Jasper's job: compare TDD tests (Antje, pre-implementation) against post-impl tests (Marije, post-implementation) and resolve discrepancies.
RECONCILIATION_PRINCIPLES:
- The SPEC is the ultimate authority, not either test suite
- When TDD and post-impl disagree, ask: "What does Anna's spec say?"
- If the spec is ambiguous, escalate to Anna for clarification — do NOT guess
- Coverage gaps are only blocking if they cover spec-required behavior or error paths with real impact
- Cosmetic gaps (logging, dev utilities) are noted but never blocking
DECISION_FRAMEWORK:
TDD says X, Post-impl says Y
├─ Spec says X → TDD is right, post-impl needs update
├─ Spec says Y → Post-impl is right, TDD was based on wrong assumption
├─ Spec says both X and Y are valid → Not a conflict, both pass
├─ Spec says neither X nor Y → Escalate to Anna
└─ Spec is silent on this behavior → Escalate to Anna
EXAMPLE_1: TDD CONTRADICTS POST-IMPL — TDD IS RIGHT¶
RESOLUTION: KEEP TDD, UPDATE POST-IMPL¶
SCENARIO¶
Feature: User registration with email validation.
Anna's spec states: "Registration MUST reject email addresses without a TLD (e.g., user@localhost is invalid)."
Antje's TDD test:
it('should reject email without TLD', async () => {
const result = await registerUser({ email: 'admin@localhost', password: 'Str0ng!Pass' });
expect(result.success).toBe(false);
expect(result.error).toContain('invalid email');
});
Marije's post-impl test:
it('should accept valid email formats', async () => {
// Developer's regex accepts user@hostname (no TLD required)
const result = await registerUser({ email: 'admin@localhost', password: 'Str0ng!Pass' });
expect(result.success).toBe(true);
});
RECONCILIATION_ANALYSIS¶
CONFLICT: TDD expects rejection of admin@localhost, post-impl expects acceptance.
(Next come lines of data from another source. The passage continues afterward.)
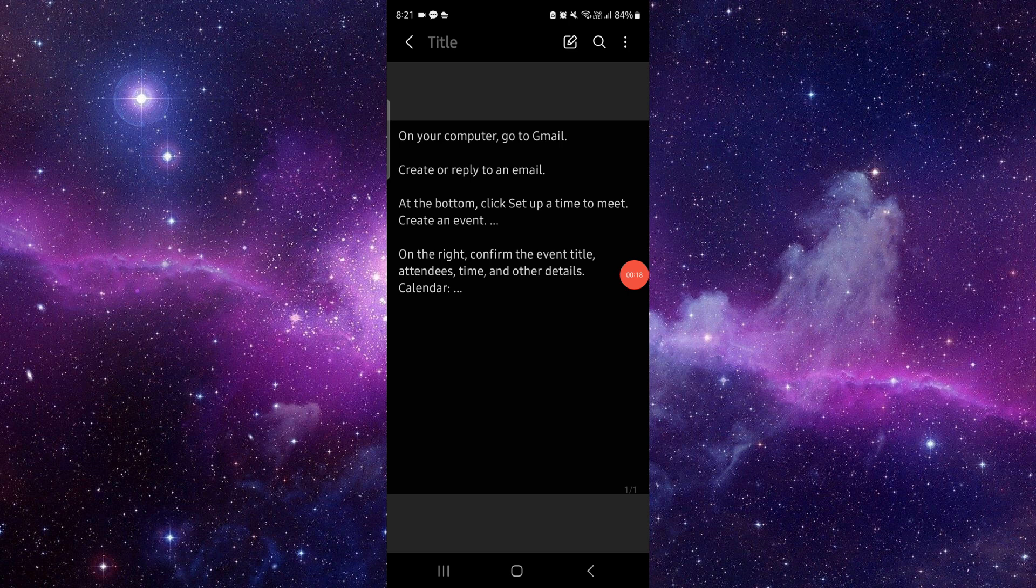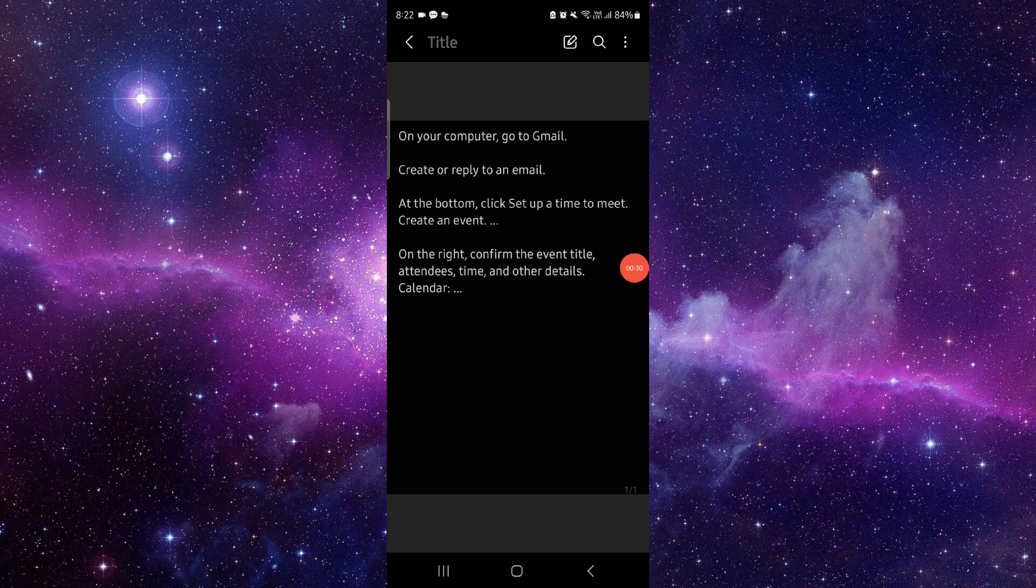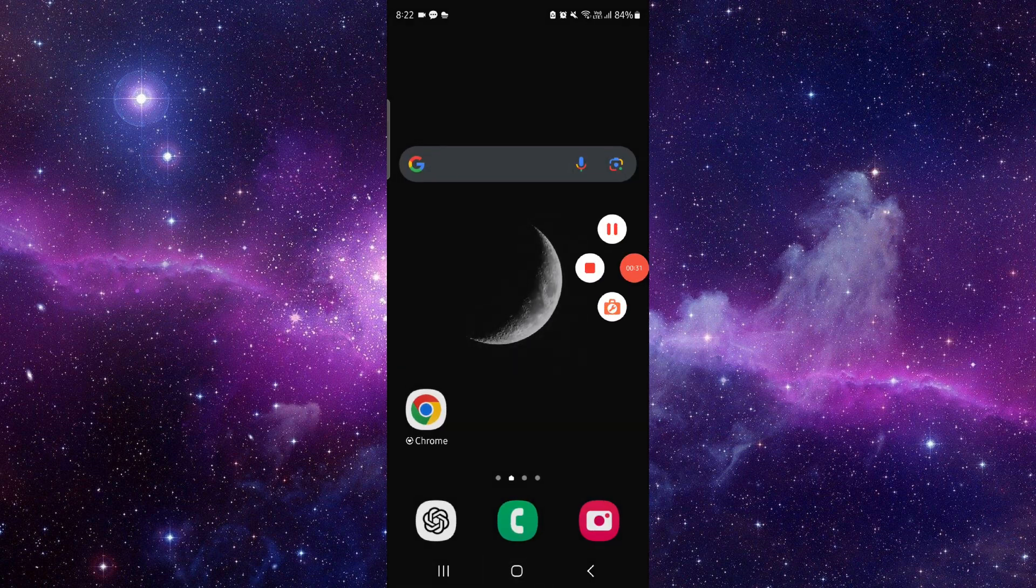your Gmail. Then after, you can create and reply to the email. Just add a button and click on set the time to meet the event and create there. Then you will confirm and it would be done.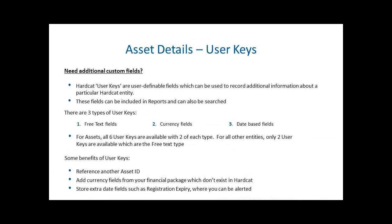When configuring the Hardcat system, Hardcat allows the creation of user keys against each of your entities. Against the asset entity, Hardcat allows you to create three sets of user keys: two free text fields, two currency fields, and two date-based fields. These fields are quite useful and they can be included in reports and also can be easily searched upon.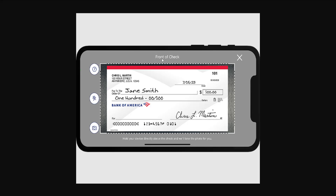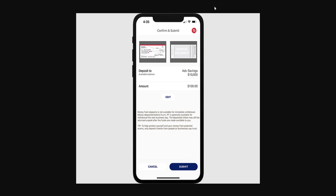After you click on deposit checks, it's going to ask you to scan the front and the back of your check. You want to position it as it's being shown currently on screen, and scan first the front of your check, then turn it over and scan the back of your check.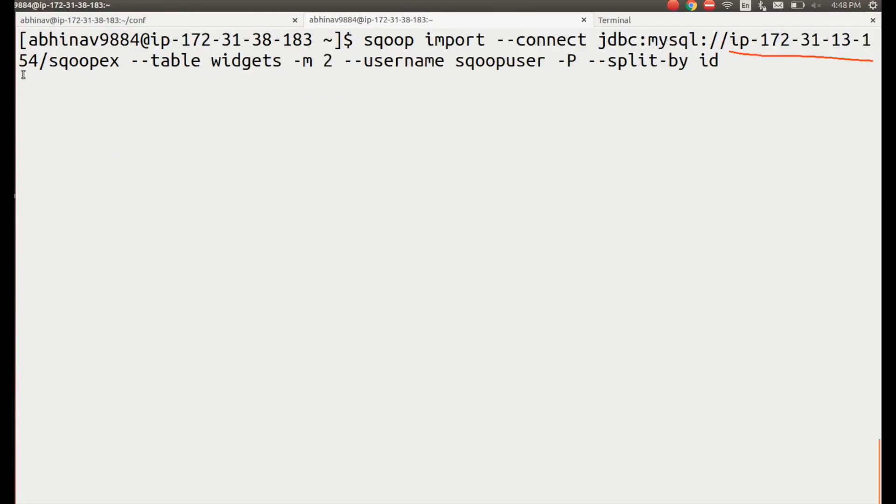IP-172-31-13-154 is the host name of the machine where MySQL server is running. Note that we are running two mappers.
SPEC_CHECK: Anna's spec explicitly says "MUST reject email addresses without a TLD."
VERDICT: TDD is correct. The developer's implementation is too permissive.
ROOT_CAUSE: The developer used a regex that considers user@hostname valid. The spec requires a stricter validation that demands at least one dot in the domain part.
ACTION_ITEMS:
- Developer must update email validation to reject addresses without TLD
- Marije must update post-impl test to expect rejection for admin@localhost
- Add additional TDD-aligned tests: user@.com, user@com., user@-domain.com
BLOCKING: YES — spec violation, security-relevant (localhost could bypass email verification flows)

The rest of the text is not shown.